Around the world, Jews and non-Jews alike are reeling from the media coverage following the Hamas terrorist attacks in Israel on October 7. There can be very few who do not feel appalled by recent events and deeply concerned about the growing humanitarian crisis and potential escalation of violence. In this immensely painful and volatile situation, there are no easy routes forwards. Observers from afar may feel overwhelmed by a sense of powerlessness and incapacity to figure out what, if anything, they can possibly do.

In Western democracies there is faith in the rule of law and free speech; but even here, there are fierce debates over who should or should not be heard, and what constitutes inflammatory hate speech rather than a justifiable expression of opinion.

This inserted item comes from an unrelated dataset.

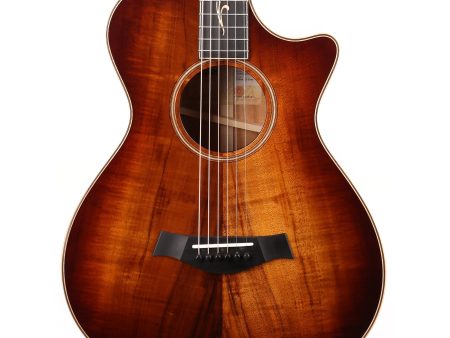 Taylor K22ce 12-Fret Koa Acoustic-Electric Shaded Edgeburst 2023 Online Sale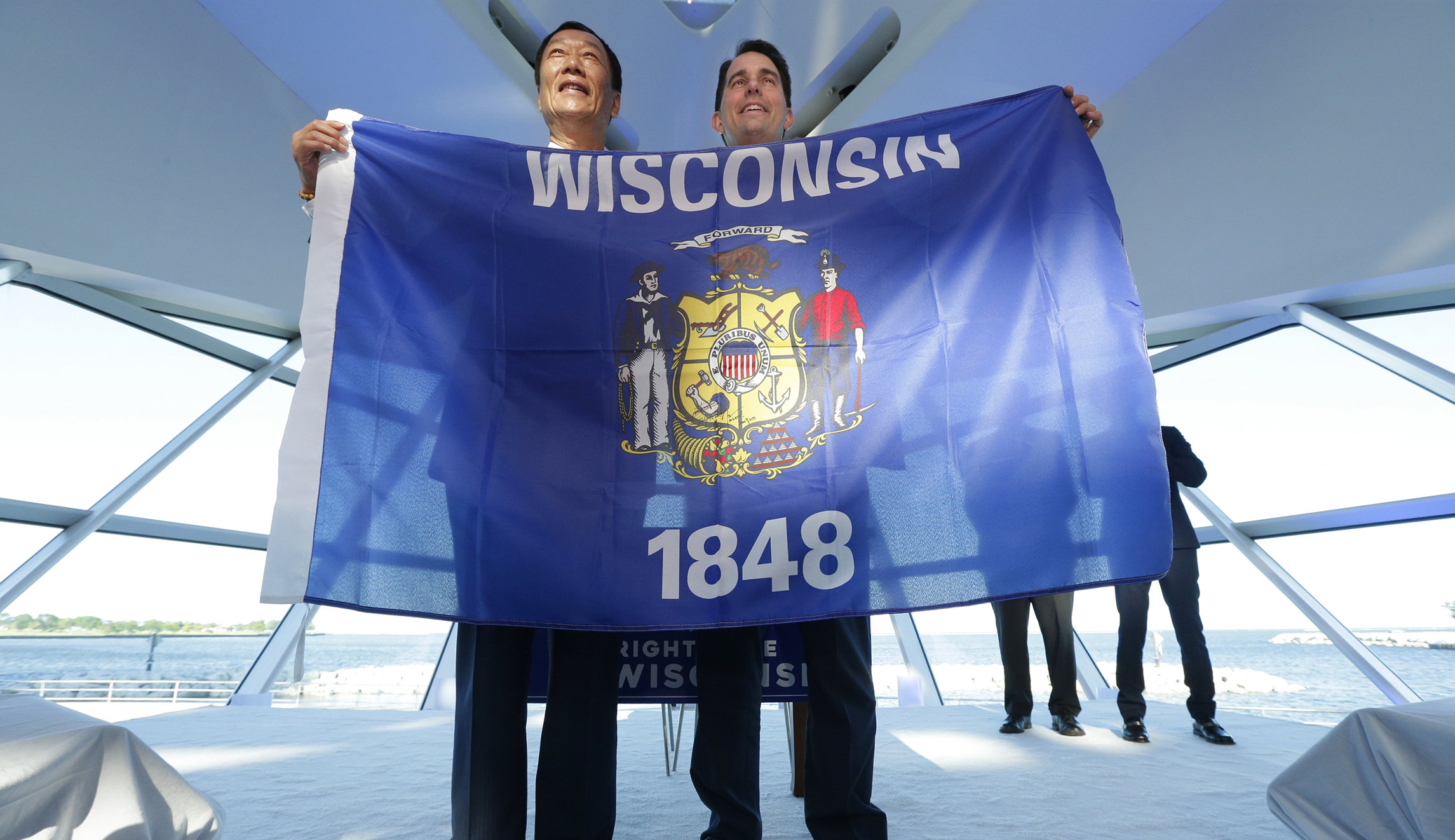 Scott Walker: Foxconn development is ‘bigger than big’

The situation was clearly different for bystanders — neither direct perpetrators nor immediate victims — under Nazi rule. Non-Jewish Germans who were shocked by Nazi antisemitism, whether in physical attacks, acts of humiliation, ever-tightening restrictions, or the torching of synagogues and smashing of homes and businesses in November 1938, could hardly complain to the authorities. It was, after all, the Nazi regime itself that instigated such violence. And the violence unleashed within the Third Reich and across Europe during the war was distinctively different from contemporary conflicts in the Middle East.

Even so, reactions today in some ways echo those of bystanders to the Holocaust. Are there more general lessons to be learned from the Nazi period?